I hace access to a CNC Water jet and was wondering what stock thickness the aluminum frames are cut from? Is a different thickness used when palm sells are attached?


----------



## LVO (Sep 25, 2011)

Welcome to the forum! We need to be GOOD friends!!

if you are making a laminate.... wood on the outside of the aluminum, I think 1/8 or 3/16 would be more than sufficient.

can't wait to see your work!


----------



## SuperMonkeySlinger (Jan 28, 2013)

LVO Got it!!

SMS


----------



## 1willi4 (Jul 16, 2011)

How thick should the wood scales be?


----------



## LVO (Sep 25, 2011)

I would go 3/8 with that setup. You could even go 1/2 scales if you planned on doing a lot of shaping and contouring after the cutout.

Anything over 1 inch total thickness is going to be too much to handle. 3/4 is very comfy.


----------



## Imperial (Feb 9, 2011)

1willi4 said:


> How thick should the wood scales be?


whatever your grip is comfortable with .


----------



## Crac (Mar 3, 2013)

LVO said:


> I think 1/8 or 3/16 would be more than sufficient.


...

Rectangular Plate Spring Design: or How to select the thickness for a board cut... (For dummies?)

(Formula taken from Machinery's Handbook 27th Edition)

Thickness = [ 6 * Length of Fork * Draw Force / ( Fork Width * Yield Stress ) ]^(1/2)

The "Thickness" is the gauge of the material or length of the fork front to back.

The "Length of Fork" is the distance from the handle to the elastic attachment. (The unsupported length)

The "Draw Force" is the force applied to the individual fork.

The "Fork Width" is the length of the individual fork measured left to right.

The "Yield Stress" is the stress required to permanently bend the material

Example: (ENG/US)

Thickness: Unknown (The usual question...)

Length of Fork: 2.5 inch (the height of my 3 fingers)

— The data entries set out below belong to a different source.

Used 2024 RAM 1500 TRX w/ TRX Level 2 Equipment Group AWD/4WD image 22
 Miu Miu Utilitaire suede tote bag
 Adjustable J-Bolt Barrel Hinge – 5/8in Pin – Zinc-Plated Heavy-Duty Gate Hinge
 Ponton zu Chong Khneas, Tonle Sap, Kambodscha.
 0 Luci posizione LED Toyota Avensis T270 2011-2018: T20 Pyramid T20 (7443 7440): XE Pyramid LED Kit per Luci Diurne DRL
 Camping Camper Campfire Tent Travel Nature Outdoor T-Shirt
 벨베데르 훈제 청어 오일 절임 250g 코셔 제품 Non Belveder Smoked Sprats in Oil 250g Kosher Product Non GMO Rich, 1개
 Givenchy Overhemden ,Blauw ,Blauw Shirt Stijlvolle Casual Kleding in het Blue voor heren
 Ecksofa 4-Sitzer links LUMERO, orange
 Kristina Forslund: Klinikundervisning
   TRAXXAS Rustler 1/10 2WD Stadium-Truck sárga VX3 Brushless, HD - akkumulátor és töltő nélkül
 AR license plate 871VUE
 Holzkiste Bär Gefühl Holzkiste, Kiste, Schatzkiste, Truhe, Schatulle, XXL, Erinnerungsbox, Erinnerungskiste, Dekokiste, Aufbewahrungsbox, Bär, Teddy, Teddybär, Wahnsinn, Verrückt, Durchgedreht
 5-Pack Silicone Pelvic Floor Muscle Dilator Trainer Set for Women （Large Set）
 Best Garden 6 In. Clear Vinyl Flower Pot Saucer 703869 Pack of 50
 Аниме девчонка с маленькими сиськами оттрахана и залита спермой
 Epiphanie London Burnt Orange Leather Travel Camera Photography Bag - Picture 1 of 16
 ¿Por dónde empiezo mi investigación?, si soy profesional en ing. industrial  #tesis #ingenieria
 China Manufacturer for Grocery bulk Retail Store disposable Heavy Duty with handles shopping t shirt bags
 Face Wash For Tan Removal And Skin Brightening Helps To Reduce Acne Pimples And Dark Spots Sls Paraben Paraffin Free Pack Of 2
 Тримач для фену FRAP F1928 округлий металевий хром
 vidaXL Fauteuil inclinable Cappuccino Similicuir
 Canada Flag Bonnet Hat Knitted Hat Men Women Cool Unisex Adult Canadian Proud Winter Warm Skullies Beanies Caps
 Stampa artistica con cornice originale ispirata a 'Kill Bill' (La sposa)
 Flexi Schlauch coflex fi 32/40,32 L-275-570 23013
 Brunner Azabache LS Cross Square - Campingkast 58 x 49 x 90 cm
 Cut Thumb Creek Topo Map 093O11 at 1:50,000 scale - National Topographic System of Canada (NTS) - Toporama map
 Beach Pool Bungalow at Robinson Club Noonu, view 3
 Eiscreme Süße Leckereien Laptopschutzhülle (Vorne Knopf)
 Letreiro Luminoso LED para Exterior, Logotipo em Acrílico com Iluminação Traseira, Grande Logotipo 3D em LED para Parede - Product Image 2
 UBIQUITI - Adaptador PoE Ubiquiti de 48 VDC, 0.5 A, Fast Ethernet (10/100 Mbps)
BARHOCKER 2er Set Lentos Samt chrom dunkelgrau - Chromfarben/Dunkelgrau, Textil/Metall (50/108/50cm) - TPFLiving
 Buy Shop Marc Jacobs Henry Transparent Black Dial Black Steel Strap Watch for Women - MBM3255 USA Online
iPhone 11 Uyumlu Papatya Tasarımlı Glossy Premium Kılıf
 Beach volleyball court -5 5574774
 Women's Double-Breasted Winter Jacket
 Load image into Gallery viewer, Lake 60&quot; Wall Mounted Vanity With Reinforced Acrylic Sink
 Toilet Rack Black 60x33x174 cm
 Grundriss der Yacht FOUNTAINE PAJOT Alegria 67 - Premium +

Draw Force: 30 lbf (i.e. a total draw of 60 lbf... also known as very high or very safe?)

Fork Width: 5/8 inch (a personal guess)

Yield Stress: 5000 psi (1100-O Aluminium. Figure taken from ASA-MHB-5.)

Thickness = [ 6 * Length of Fork * Draw Force / ( Fork Width * Yield Stress ) ]^(1/2)

Thickness = [ 6 * 2.5 * 30 / ( 5/8 * 5000 ) ]^(1/2)

Thickness = 0.379 inch (9.64mm)

This is my 'start' please continue the good work and kick this around a bit...


----------